Could you return the data below exactly as it appears?

[Records excerpted from a collection]
* * * *
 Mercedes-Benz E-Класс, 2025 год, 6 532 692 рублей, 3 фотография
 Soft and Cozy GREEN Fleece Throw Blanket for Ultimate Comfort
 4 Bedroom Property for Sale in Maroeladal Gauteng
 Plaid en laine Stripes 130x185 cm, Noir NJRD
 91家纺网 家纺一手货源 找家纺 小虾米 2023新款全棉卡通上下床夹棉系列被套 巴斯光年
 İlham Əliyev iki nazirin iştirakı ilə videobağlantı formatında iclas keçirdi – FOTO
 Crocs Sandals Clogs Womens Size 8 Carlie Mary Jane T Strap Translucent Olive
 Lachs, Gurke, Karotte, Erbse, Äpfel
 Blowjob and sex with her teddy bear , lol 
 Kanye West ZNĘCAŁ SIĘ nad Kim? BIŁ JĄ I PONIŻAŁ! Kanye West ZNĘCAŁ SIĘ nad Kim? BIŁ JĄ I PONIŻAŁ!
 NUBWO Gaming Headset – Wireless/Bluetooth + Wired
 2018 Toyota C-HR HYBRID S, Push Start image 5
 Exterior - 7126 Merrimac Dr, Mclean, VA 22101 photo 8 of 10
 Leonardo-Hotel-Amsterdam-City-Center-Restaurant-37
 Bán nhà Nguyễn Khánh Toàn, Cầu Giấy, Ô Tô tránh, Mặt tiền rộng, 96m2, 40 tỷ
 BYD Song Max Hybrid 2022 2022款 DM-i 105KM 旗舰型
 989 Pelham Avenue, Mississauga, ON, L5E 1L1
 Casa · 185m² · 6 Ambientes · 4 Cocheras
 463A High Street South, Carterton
* * * *
[SOLUTION FOR THIS TASK]
 Mercedes-Benz E-Класс, 2025 год, 6 532 692 рублей, 3 фотография
 Soft and Cozy GREEN Fleece Throw Blanket for Ultimate Comfort
 4 Bedroom Property for Sale in Maroeladal Gauteng
 Plaid en laine Stripes 130x185 cm, Noir NJRD
 91家纺网 家纺一手货源 找家纺 小虾米 2023新款全棉卡通上下床夹棉系列被套 巴斯光年
 İlham Əliyev iki nazirin iştirakı ilə videobağlantı formatında iclas keçirdi – FOTO
 Crocs Sandals Clogs Womens Size 8 Carlie Mary Jane T Strap Translucent Olive
 Lachs, Gurke, Karotte, Erbse, Äpfel
 Blowjob and sex with her teddy bear , lol 
 Kanye West ZNĘCAŁ SIĘ nad Kim? BIŁ JĄ I PONIŻAŁ! Kanye West ZNĘCAŁ SIĘ nad Kim? BIŁ JĄ I PONIŻAŁ!
 NUBWO Gaming Headset – Wireless/Bluetooth + Wired
 2018 Toyota C-HR HYBRID S, Push Start image 5
 Exterior - 7126 Merrimac Dr, Mclean, VA 22101 photo 8 of 10
 Leonardo-Hotel-Amsterdam-City-Center-Restaurant-37
 Bán nhà Nguyễn Khánh Toàn, Cầu Giấy, Ô Tô tránh, Mặt tiền rộng, 96m2, 40 tỷ
 BYD Song Max Hybrid 2022 2022款 DM-i 105KM 旗舰型
 989 Pelham Avenue, Mississauga, ON, L5E 1L1
 Casa · 185m² · 6 Ambientes · 4 Cocheras
 463A High Street South, Carterton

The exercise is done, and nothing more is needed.